Exercise:
In the records below, find the line that holds "Comfort Hotel Aeroport". Restate it and every later line exactly, stopping at the end and skipping pictures.

(Image-text web data)
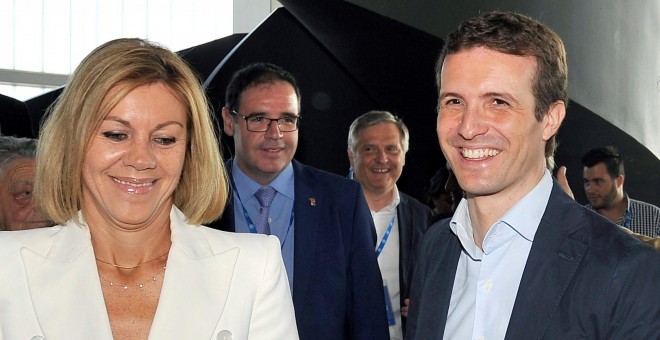 El presidente del PP, Pablo Casado, con María Dolores de Cospedal, en la jornada final del XIV Congreso del Partido Popular de Castilla-La Mancha, en Albacete. EFE/ Manu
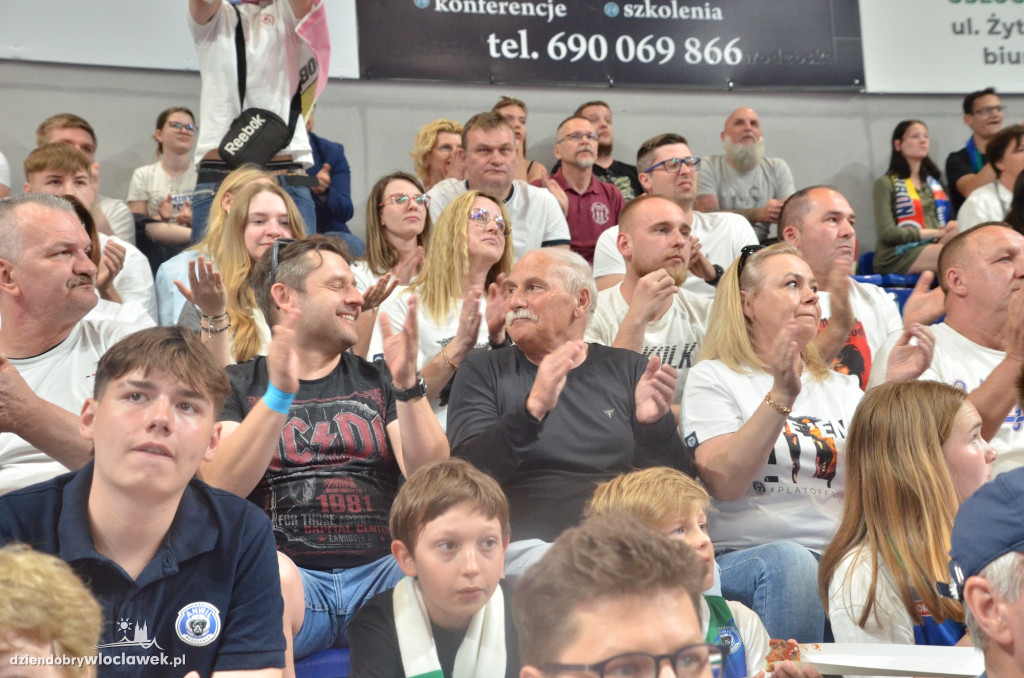 Kibice na meczu nr 5 Anwil vs Spójnia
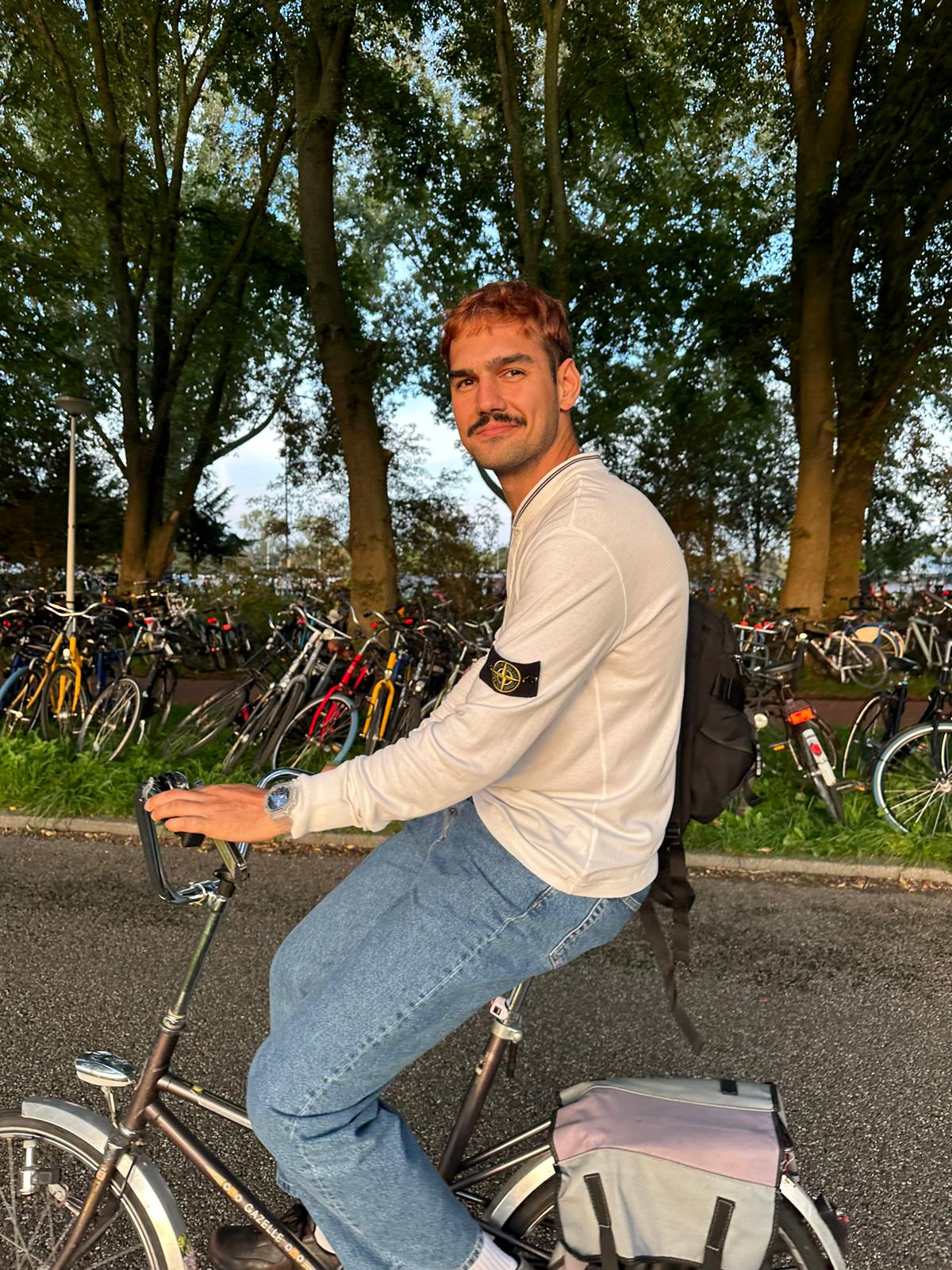 dj Moody Mehran op een fiets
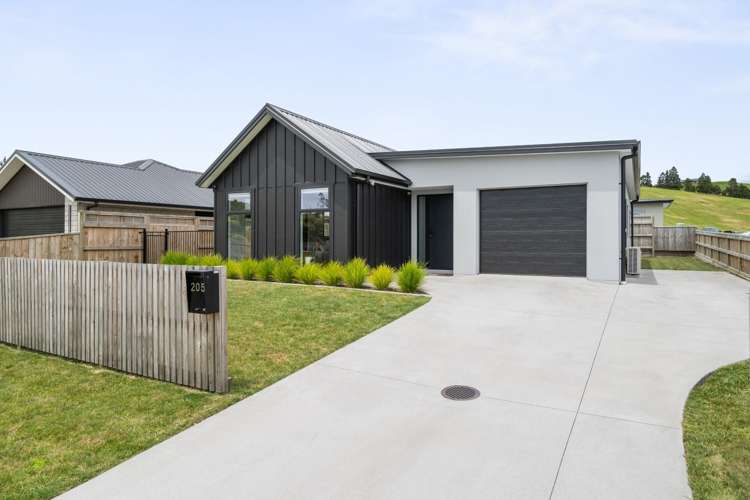 205 Adler Drive Ohauiti_24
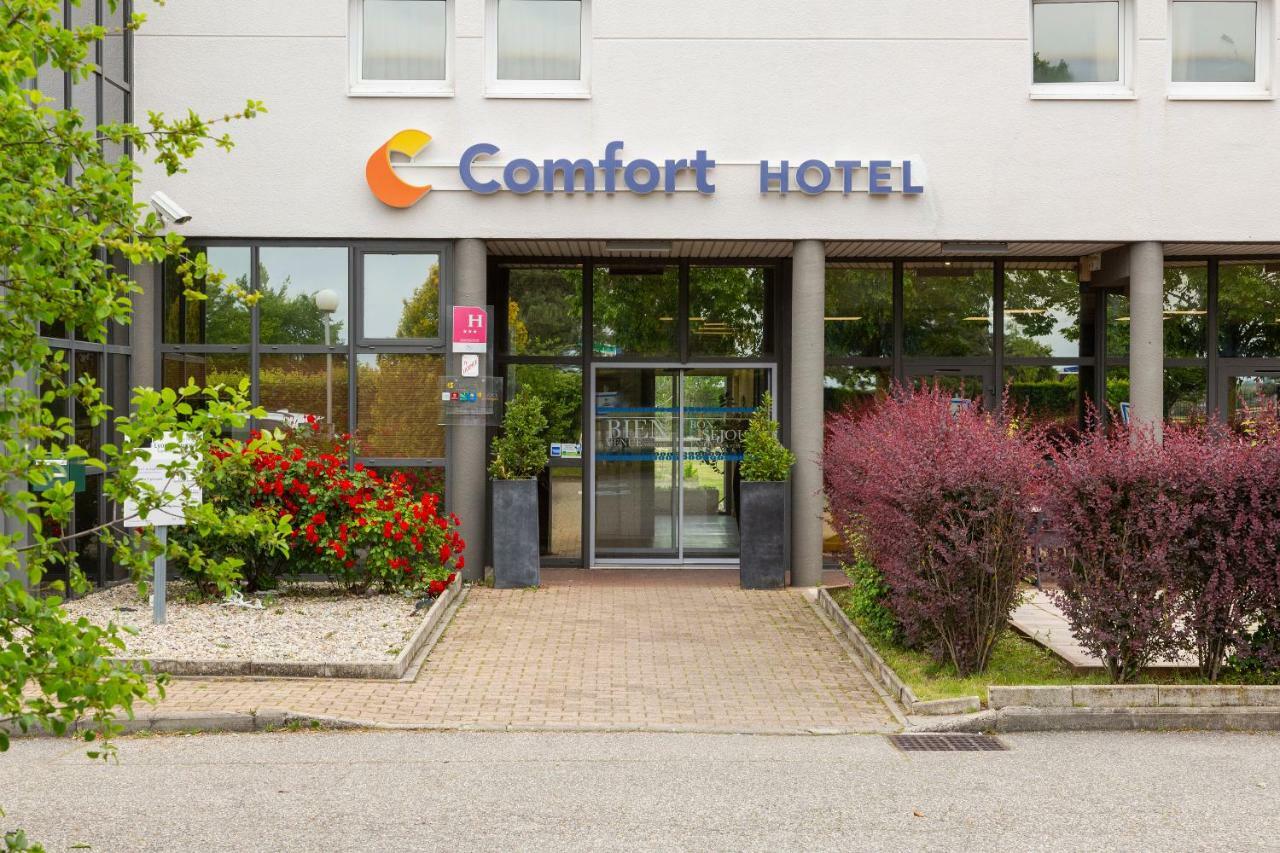 Comfort Hotel Aeroport Lyon St Exupery Colombier-Saugnieu Exterior photo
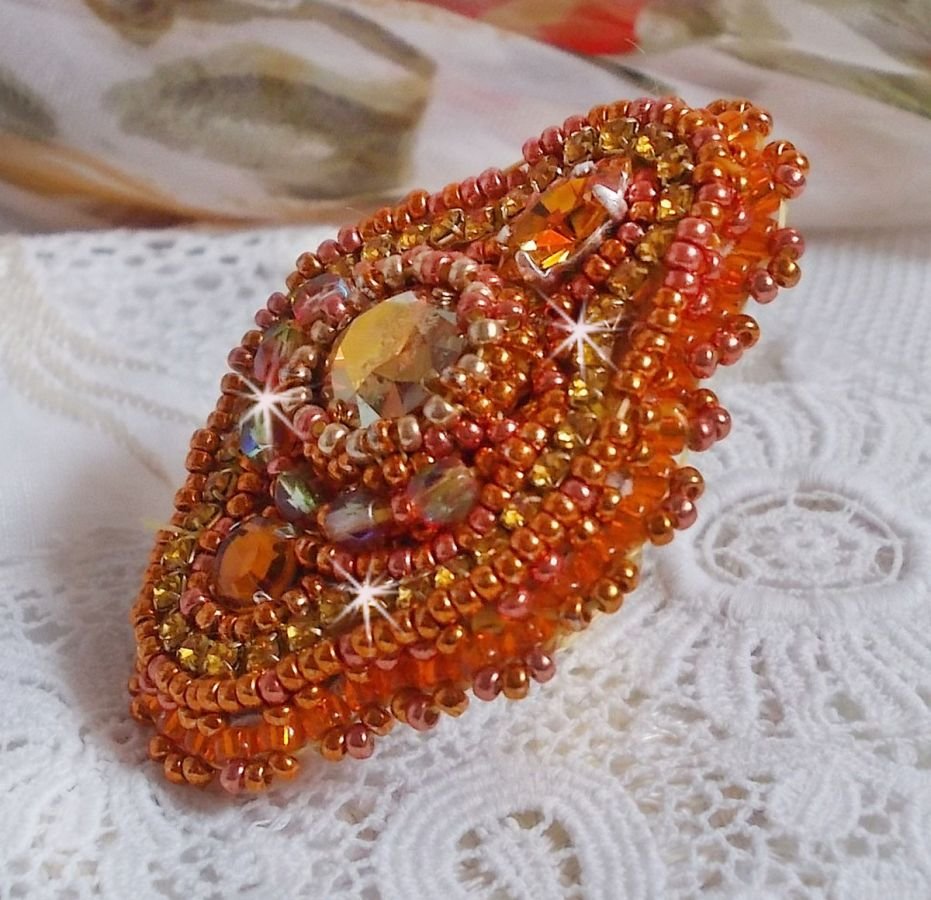 Anillo de rumba bordado con un precioso cristal de Swarovski naranja, facetas y cuentas de rocalla Miyuki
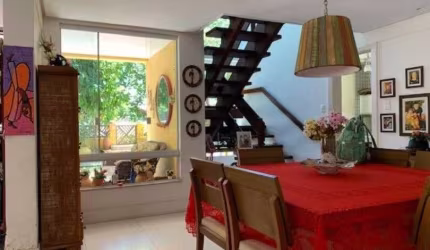 Casa 6/4 com suíte + Dependência - Condomínio Jardim Gantois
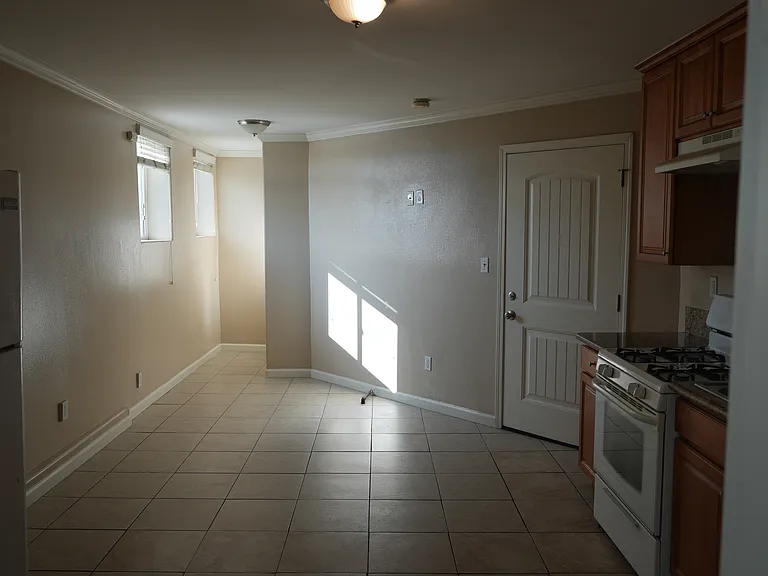 1606 Gramercy Ave #208 — Photo 3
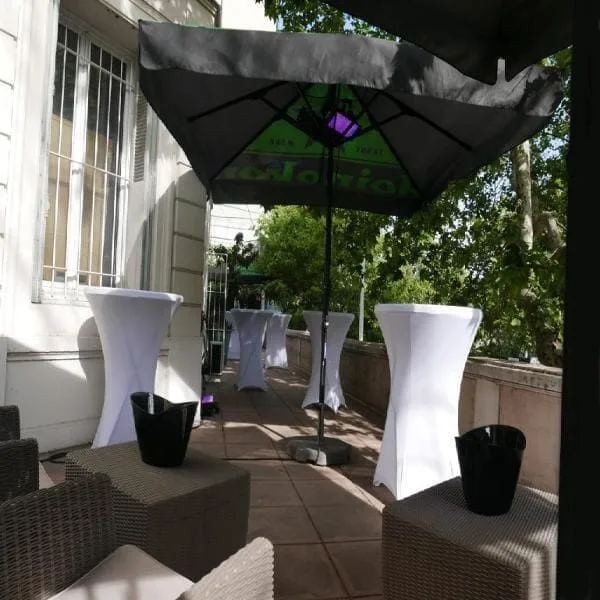 Château Croix Rouge, Terrasse et espace extérieur, Toulon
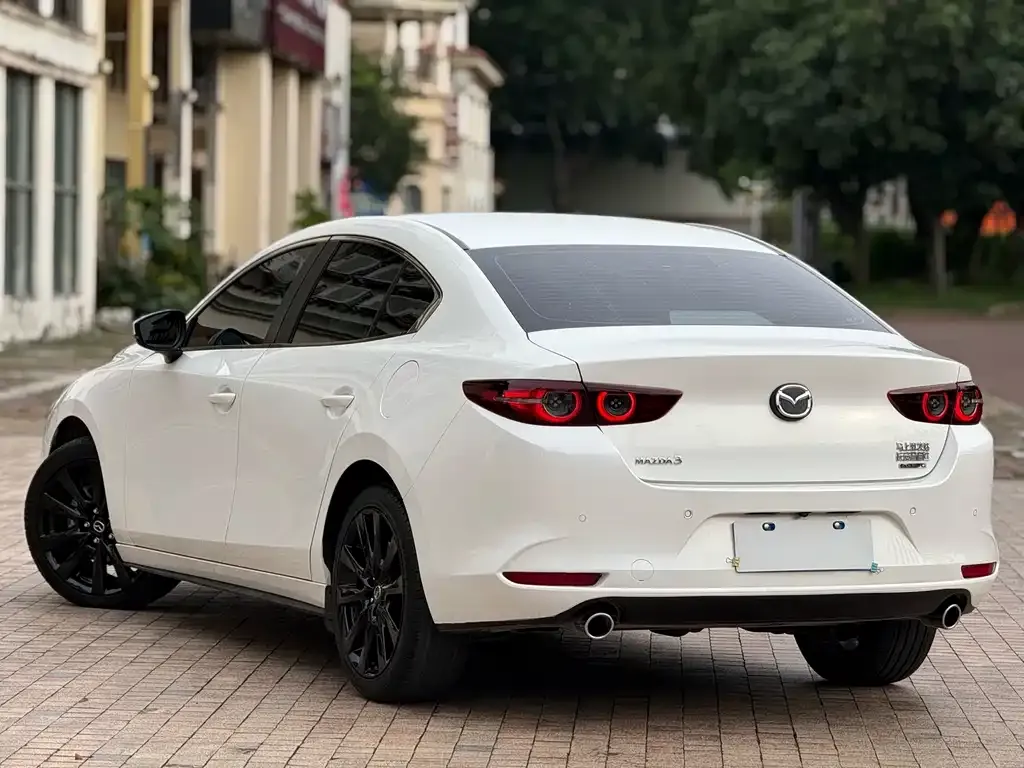 Mazda 3 Axela — фото 7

Finished exercise:
 Comfort Hotel Aeroport Lyon St Exupery Colombier-Saugnieu Exterior photo
 Anillo de rumba bordado con un precioso cristal de Swarovski naranja, facetas y cuentas de rocalla Miyuki
 Casa 6/4 com suíte + Dependência - Condomínio Jardim Gantois
 1606 Gramercy Ave #208 — Photo 3
 Château Croix Rouge, Terrasse et espace extérieur, Toulon
 Mazda 3 Axela — фото 7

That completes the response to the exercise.